[Stored data entries]

□ □ □ □ □

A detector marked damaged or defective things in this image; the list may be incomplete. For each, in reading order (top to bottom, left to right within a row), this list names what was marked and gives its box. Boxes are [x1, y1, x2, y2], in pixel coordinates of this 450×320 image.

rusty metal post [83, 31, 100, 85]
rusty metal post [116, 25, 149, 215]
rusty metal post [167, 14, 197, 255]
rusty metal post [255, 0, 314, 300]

□ □ □ □ □

• EXERCISE BRIEF
Please output each record exactly as it appears above.

• RESULT OF THE EXERCISE
A detector marked damaged or defective things in this image; the list may be incomplete. For each, in reading order (top to bottom, left to right within a row), this list names what was marked and gives its box. Boxes are [x1, y1, x2, y2], in pixel coordinates of this 450×320 image.

rusty metal post [83, 31, 100, 85]
rusty metal post [116, 25, 149, 215]
rusty metal post [167, 14, 197, 255]
rusty metal post [255, 0, 314, 300]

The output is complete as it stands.